╭─ DATA FOR THIS EXERCISE

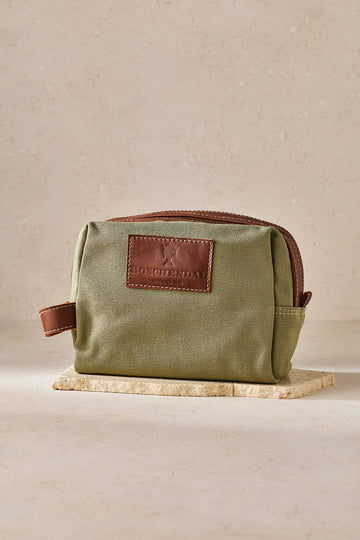 Green Canvas & Leather Toiletry Bag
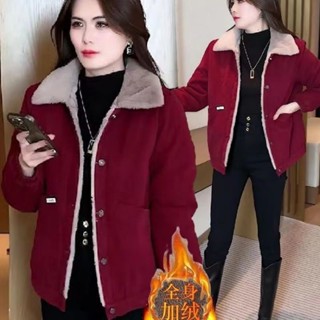 365Days-小個子夾剋加絨女士短款保暖冬季新款洋氣時尚百搭加厚外套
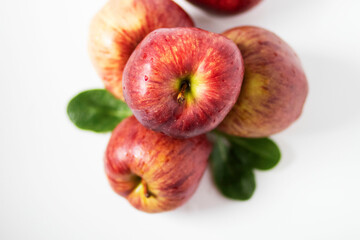 
Big red apples on white background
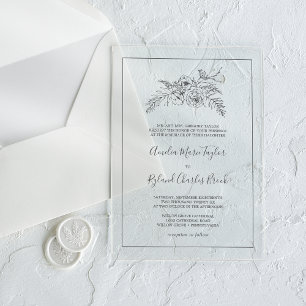 AMELIA Traditional Floral Modern Vintage Wedding Acrylic Invitations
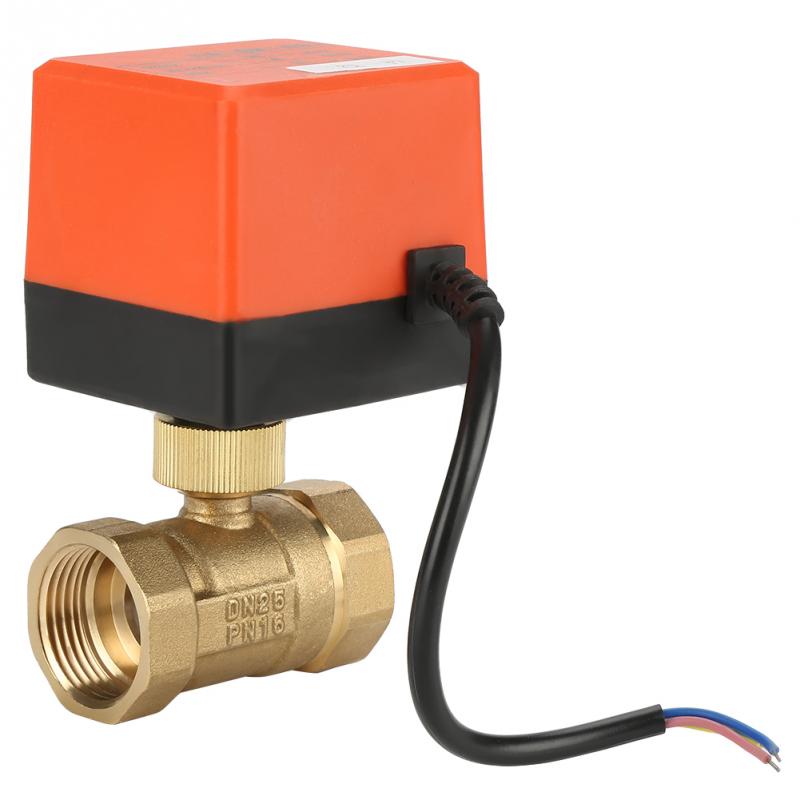 Motorized Brass Ball Valve 2-Way Electrical Valve 3-Wire 1-point Control G1 DN25 AC220 valvula solenoide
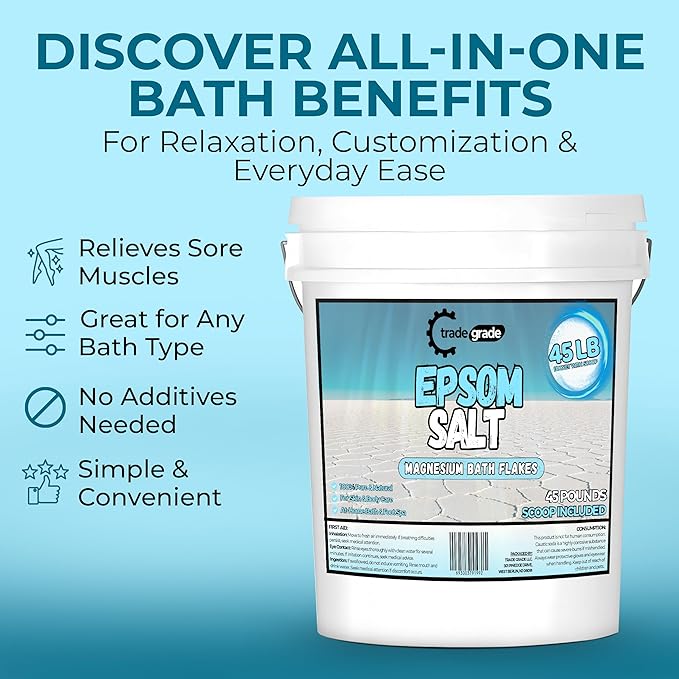 Epsom Salt Bath Soak 45 lb Bucket – Unscented, Pure Epsom Salt Bulk Crystals, Magnesium Sulfate for Full Body or Foot Soaks, Resealable Container with Scoop for Home Bath Use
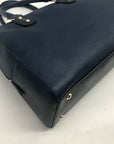 Michael Kors Navy Blue Large Dome Satchel Handbag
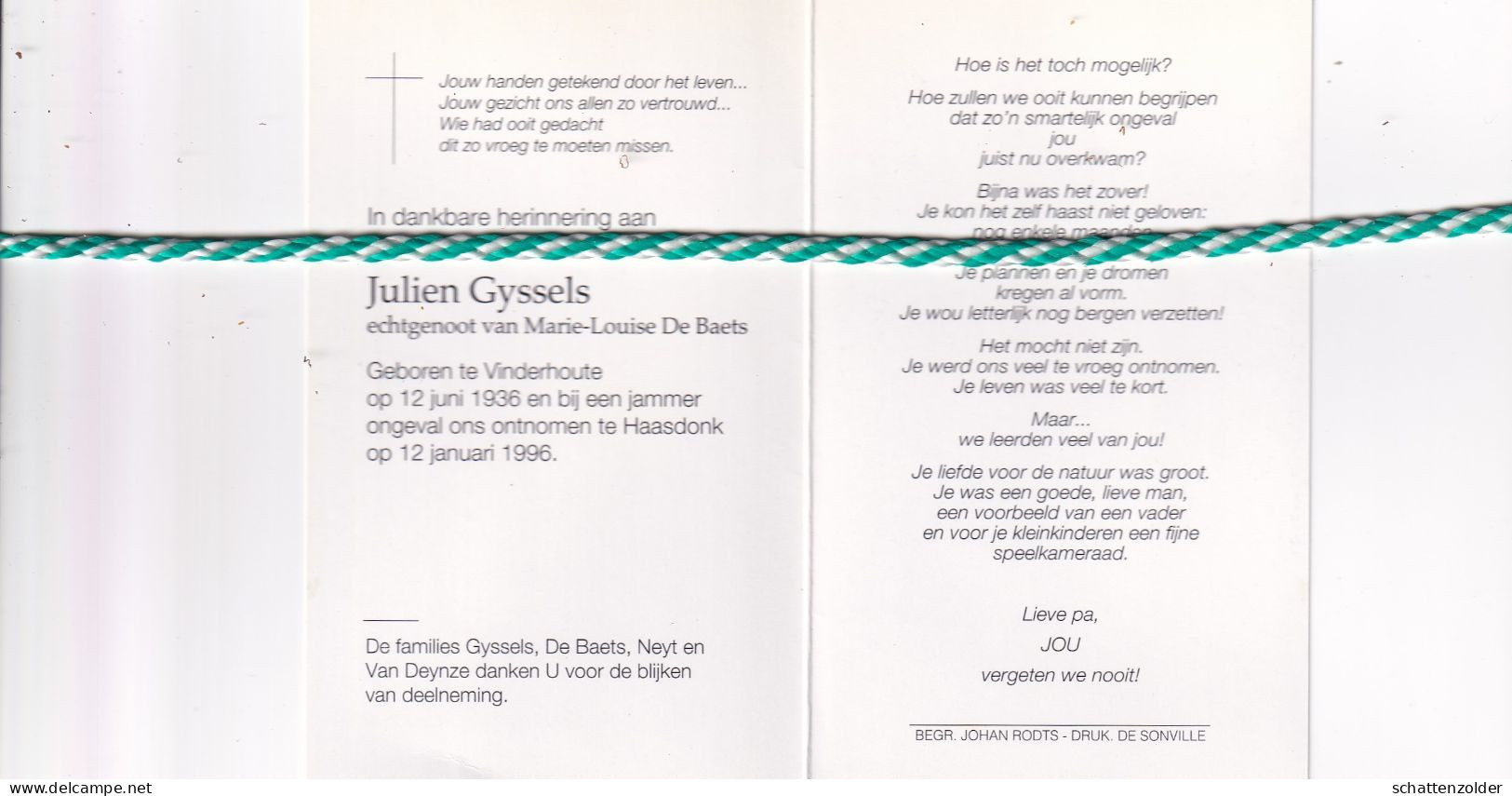Julien Gyssels-De Baets, Vinderhoute 1936, Haasdonk 1996. Foto - Obituary Notices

╰─

# PROBLEM
Copy the data exactly. Any picture it contains is to be omitted.

# FINAL ANSWER
 Green Canvas & Leather Toiletry Bag
 365Days-小個子夾剋加絨女士短款保暖冬季新款洋氣時尚百搭加厚外套
Big red apples on white background
 AMELIA Traditional Floral Modern Vintage Wedding Acrylic Invitations
 Motorized Brass Ball Valve 2-Way Electrical Valve 3-Wire 1-point Control G1 DN25 AC220 valvula solenoide
 Epsom Salt Bath Soak 45 lb Bucket – Unscented, Pure Epsom Salt Bulk Crystals, Magnesium Sulfate for Full Body or Foot Soaks, Resealable Container with Scoop for Home Bath Use
 Michael Kors Navy Blue Large Dome Satchel Handbag
Julien Gyssels-De Baets, Vinderhoute 1936, Haasdonk 1996. Foto - Obituary Notices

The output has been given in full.